***** DATA RECORDS

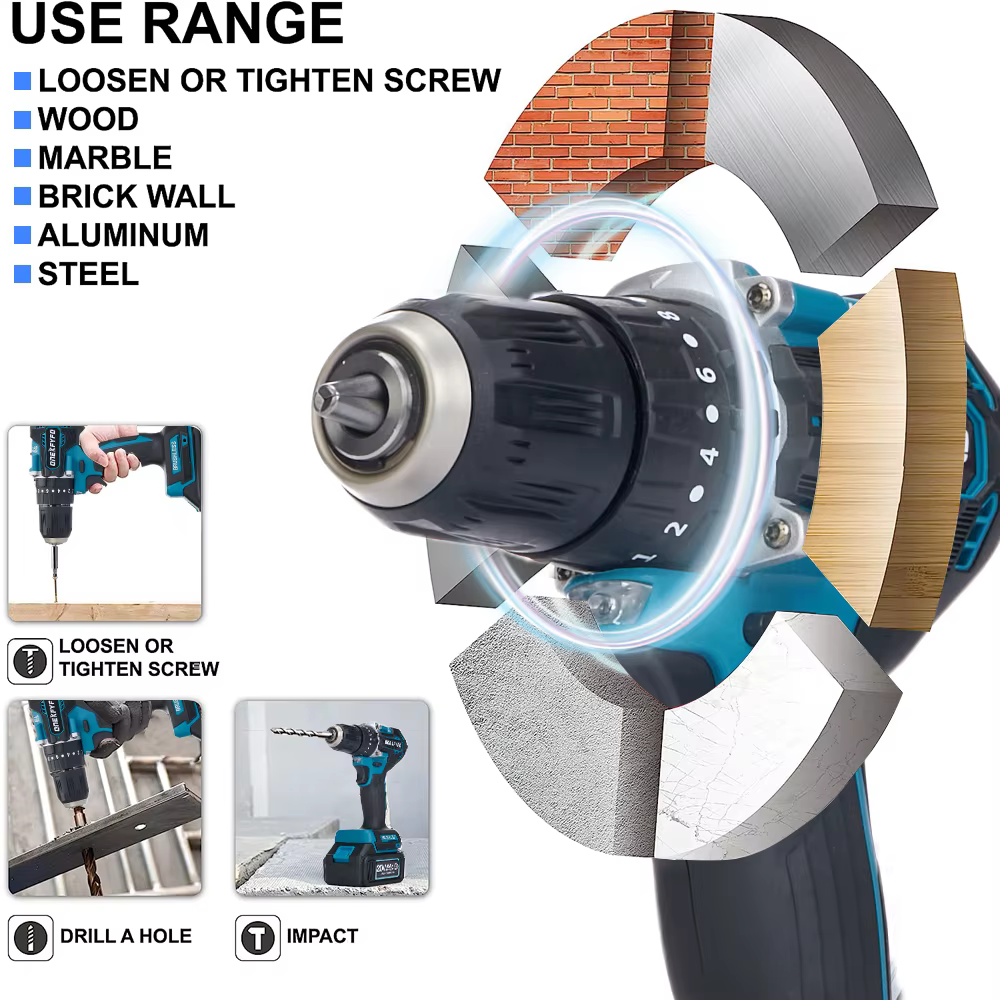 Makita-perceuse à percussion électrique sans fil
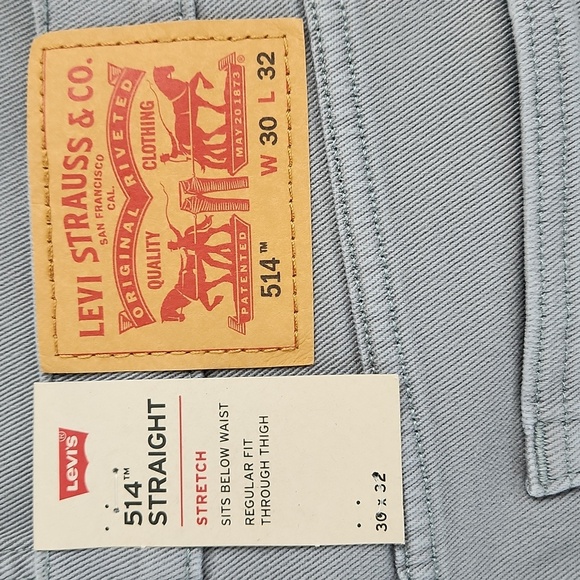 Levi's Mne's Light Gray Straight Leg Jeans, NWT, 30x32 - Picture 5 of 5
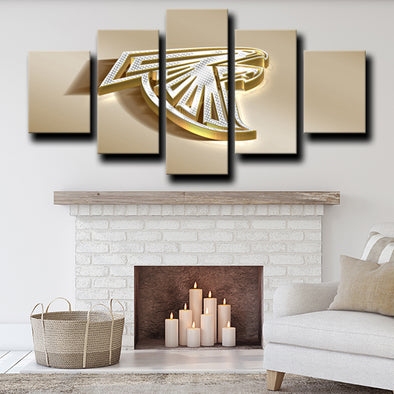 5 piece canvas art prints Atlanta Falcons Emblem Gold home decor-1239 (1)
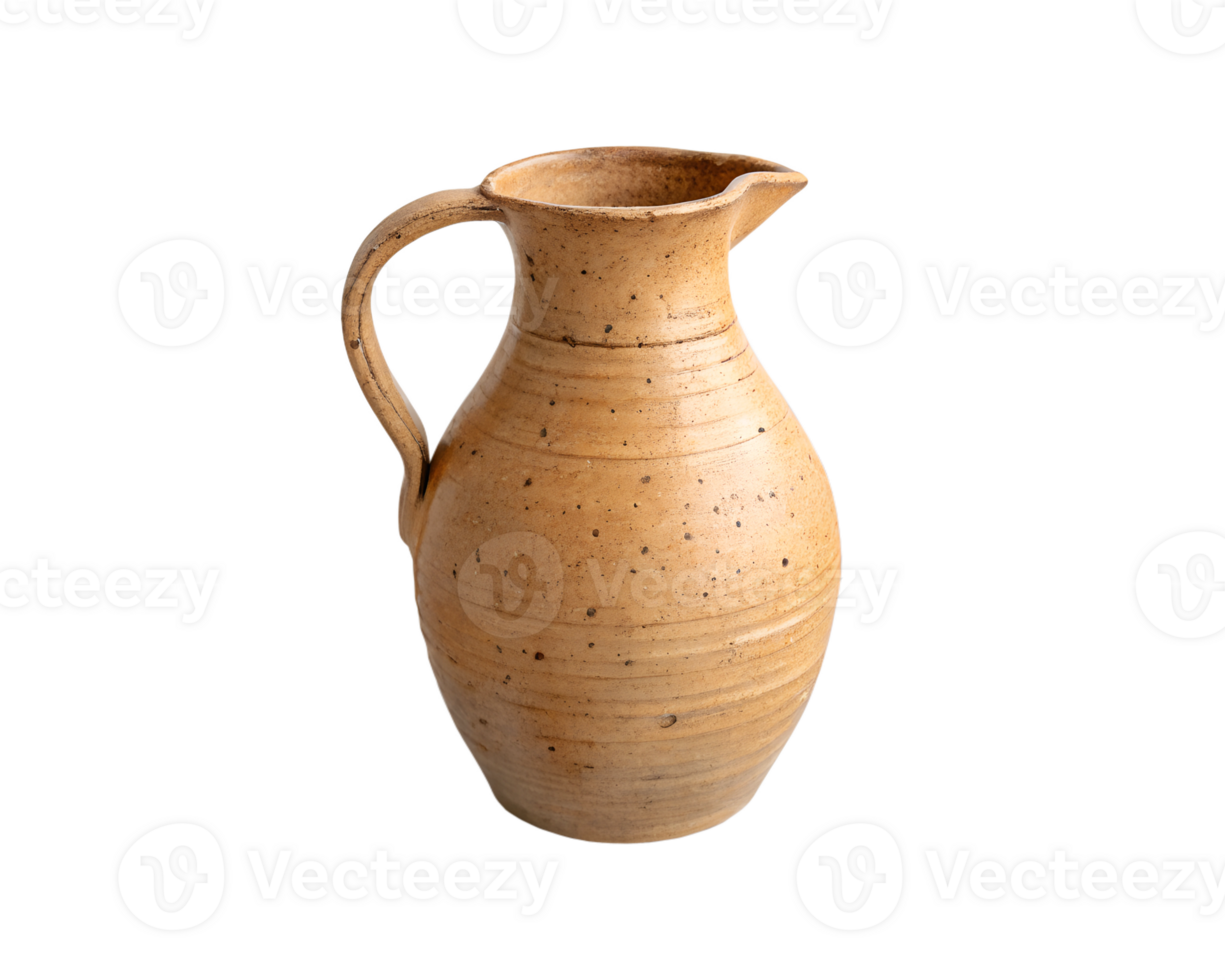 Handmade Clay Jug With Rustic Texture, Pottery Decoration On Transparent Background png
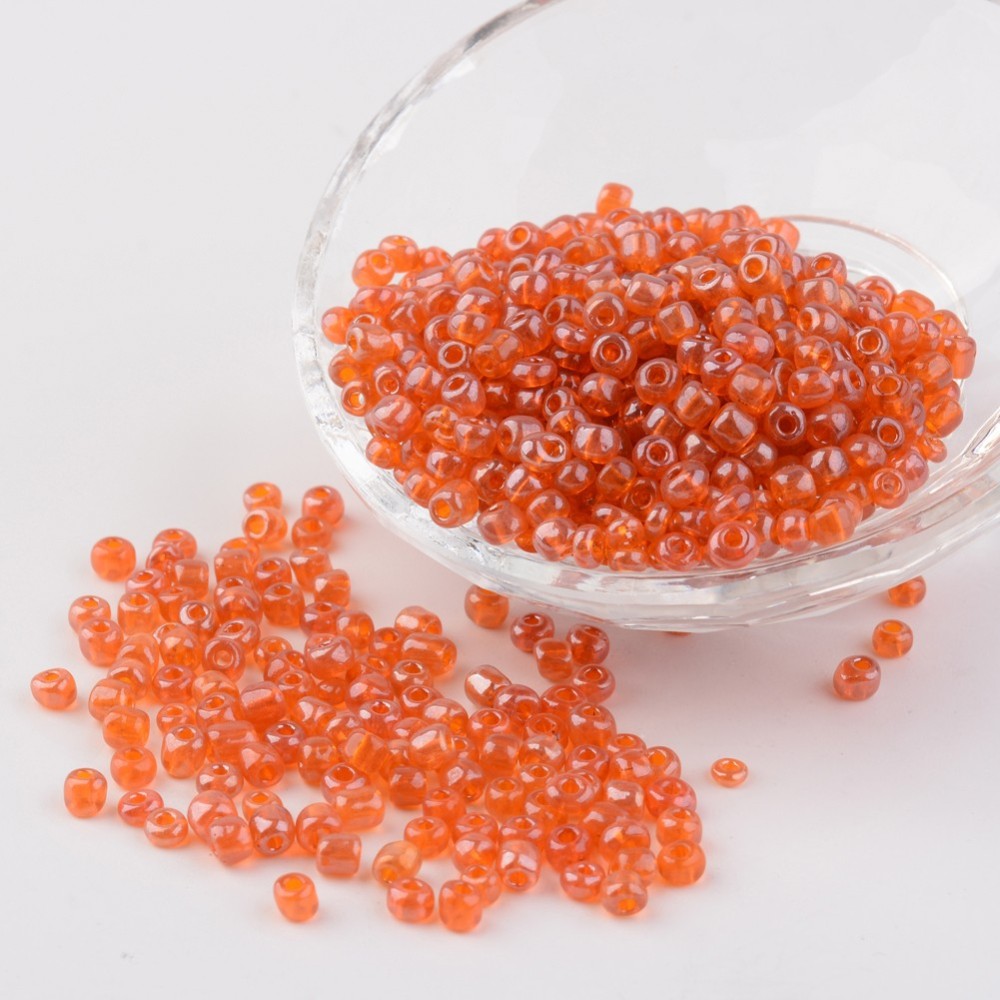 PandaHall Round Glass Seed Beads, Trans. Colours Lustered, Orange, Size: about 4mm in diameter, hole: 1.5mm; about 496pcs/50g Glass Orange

**********

[EXERCISE DETAILS]
Using the records above, return verbatim only the part that opens with the line containing "5 piece canvas" and closes with the line containing "Handmade Clay Jug"; pictures stay out.

[RESULT]
 5 piece canvas art prints Atlanta Falcons Emblem Gold home decor-1239 (1)
 Handmade Clay Jug With Rustic Texture, Pottery Decoration On Transparent Background png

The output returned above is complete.